プログラミング部の部室から二重世界に入った俺たち。B子は能力を発動させてこちらを向き、


「それではまず先輩も能力を発動させてください。」


俺は言われるがまま能力を発動させた。B子の前だと余計に自分の剣が貧弱に見える。はぁ。俺は素朴な疑問として、B子は最初からそんな風に光の鎧だったのかを聞いた。一縷の望みを込めて。


「えっ?えーっと、もちろん今の状態に比べたら全然でしたよ。だから先輩も大丈夫です。私にだって出来たんだから先輩だって当然出来るはずです。」


そうかー。もしかしたら俺にだって、この能力をうまく使えるようになれば、B子みたいになれるかもしれないのか。頑張ってみよう。
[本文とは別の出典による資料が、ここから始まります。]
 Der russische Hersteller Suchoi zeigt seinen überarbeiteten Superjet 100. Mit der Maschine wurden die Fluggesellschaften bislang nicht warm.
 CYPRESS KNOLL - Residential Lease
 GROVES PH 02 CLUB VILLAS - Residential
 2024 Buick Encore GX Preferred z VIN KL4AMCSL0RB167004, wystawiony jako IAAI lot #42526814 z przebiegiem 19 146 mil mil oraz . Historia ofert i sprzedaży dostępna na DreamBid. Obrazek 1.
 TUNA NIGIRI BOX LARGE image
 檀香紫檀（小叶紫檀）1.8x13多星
「まーでも、B子ちゃんは最初に発動した時点で今よりかははるかに薄いけど光の鎧まとってたけどね。」


「栄子先輩!」


横やりを入れる栄子に対し、B子は真剣に怒ってくれていた。栄子は元からこんな奴だ。ここでこいつの言うことを鵜呑みにしてへこんでいてもしょうがない。正直、あんな惨めな思いをするのは一回で十分だ。俺だって少しはやれるってところを見せなければ。まず、初めにB子が教えてくれたのは、この世界は自分の意識によって形が変化するということだった。


「先輩にとってこの世界はどんな風に見えていますか?」


はじめ、そんな風に聞かれて俺はとても不思議な感覚になった。どんな風も何も、真っ白な世界だろ?それ以外に何かあるんだろうか?
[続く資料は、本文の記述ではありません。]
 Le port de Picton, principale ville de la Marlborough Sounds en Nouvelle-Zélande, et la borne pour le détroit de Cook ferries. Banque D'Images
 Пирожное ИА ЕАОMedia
「真っ白な世界ですか?へー。先輩にはそんな風に見えてるんですね。正直、驚きました。」


へ?お前にはどんな風に見えてるんだ?


「えっと、私はいつも武道場に見えています。」


武道場?それを聞いた俺の視界に異変が起こった。今立っている真っ白な地面が見知らぬ武道場の床に代わり、はるか彼方に壁や天井がうっすら見えるようになった。しかし、それは一瞬のことでまた真っ白な世界に戻った。俺が目をシロクロさせている様子を見たB子は、


「もしかして、先輩、今、武道場が見えたりしました?」


とても驚いた表情で聞いてきた。あ、あー。けど、一瞬だぞ、一瞬。すぐ元の真っ白な世界に戻ったぞ。それがどうしたっていうんだろう。


「先輩、それとっても凄いことですよ。相手の立場に立って物事を見れるってなかなか出来ることじゃないですよ。凄い才能ですよ。とても素敵です。」


B子はものすごくテンションを上げて俺をほめちぎってきた。そっそーか。俺も褒められてまんざらでもない。
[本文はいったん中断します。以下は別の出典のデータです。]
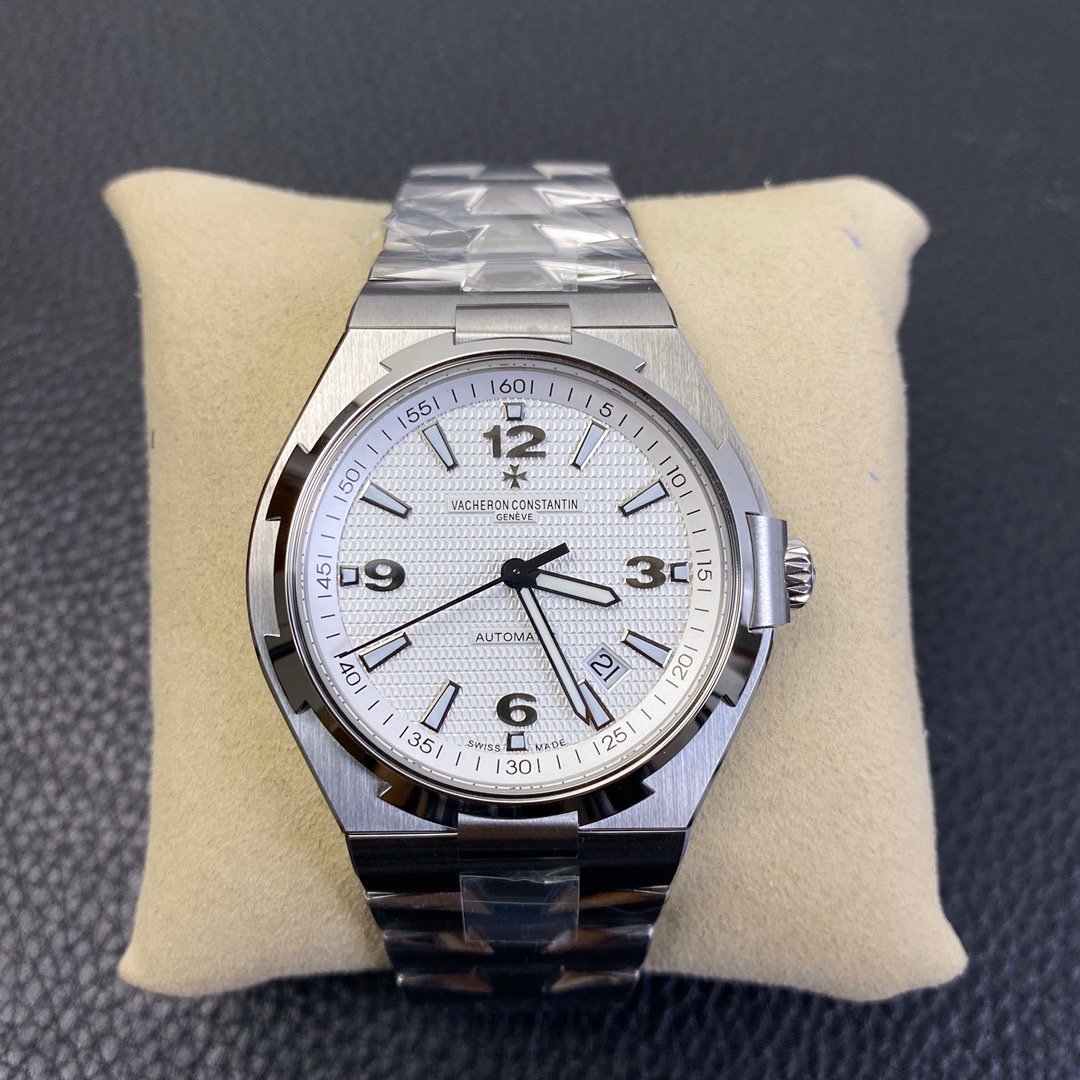 1:1 Super Clone Vacheron Constantin Overseas Series White Dial
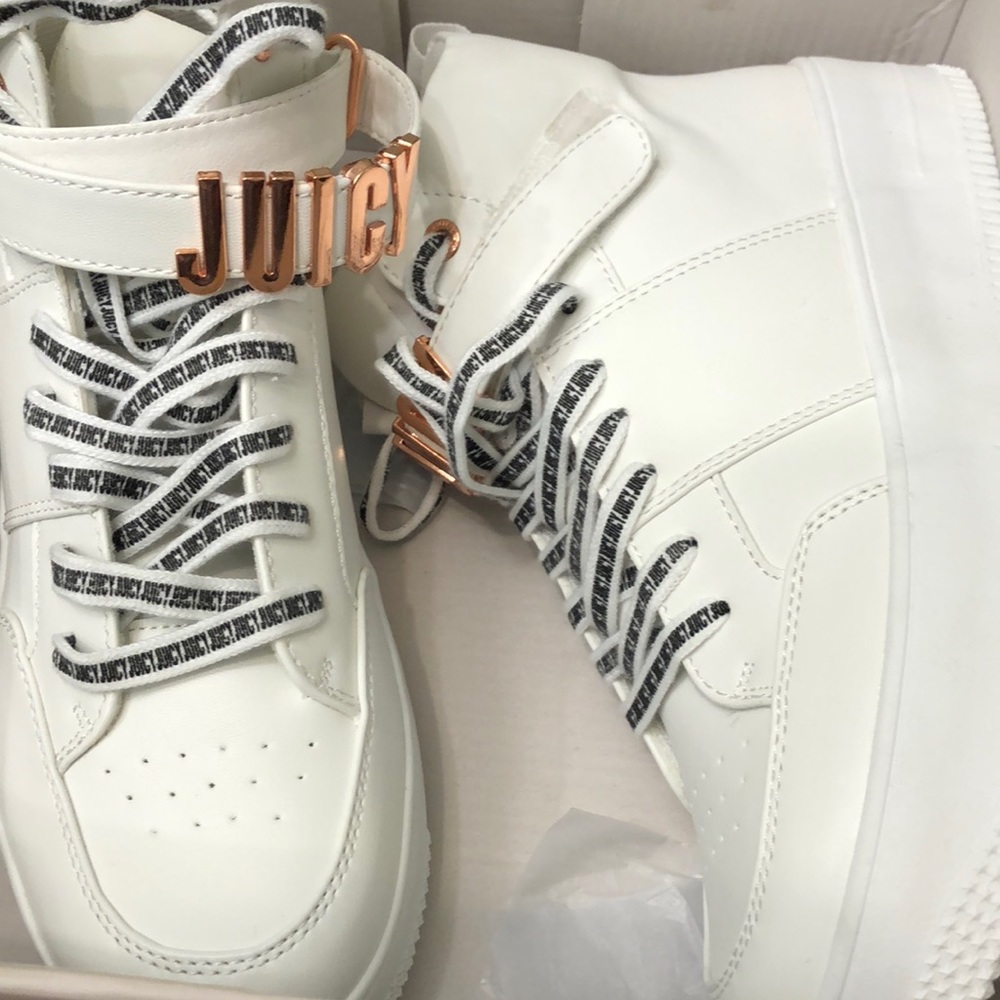 JUICY COUTURE. J Dottie shoes .Size. 9.0 & 9.5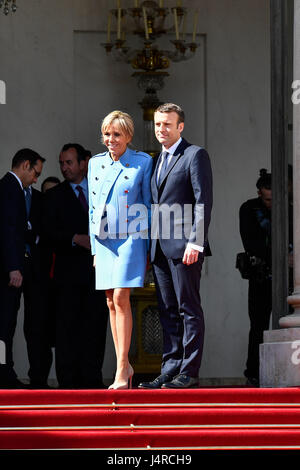 Paris, Frankreich. 14. Mai 2017. Französischer Präsident Emmanuel Macron (R) besucht eine Einweihungsfeier im Elysée-Palast in Paris, Frankreich, am 14. Mai 2017. Zentristischen Emmanuel Macron wurde als der achte Präsident der fünften Republik in einer Feierstunde im Elysée-Palast am Sonntag vereidigt. Bildnachweis: Chen Yichen/Xinhua/Alamy Live-Nachrichten Stockfoto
「どーせ、あんたもおんなじ剣道部員だったからたまたまでしょう?」


なんなんだこいつの俺を調子に乗らせまいとする毎回の努力は。あーはいはい。たまたまかもな。まったく、こいつの言うことは金輪際、耳に入れないようにしよう。


「じゃあ、試しに私が見えてる世界も想像してごらんなさいな。もちろんノーヒントで。どうせ無理でしょ。くくくっ。」


ノーヒントでって無理に決まってるじゃないか。無茶ぶりにもほどがあるぞ。しかし、俺のその心情に反してまたしても視界が揺らぐ、真っ白な空間が突然、瓦礫の街に変わった。ここはどこなんだ?見渡す限り瓦礫で埋め尽くされ、空はまっさらな青空。はるか彼方に細長い建物らしきものが見えるがあれはなんだ?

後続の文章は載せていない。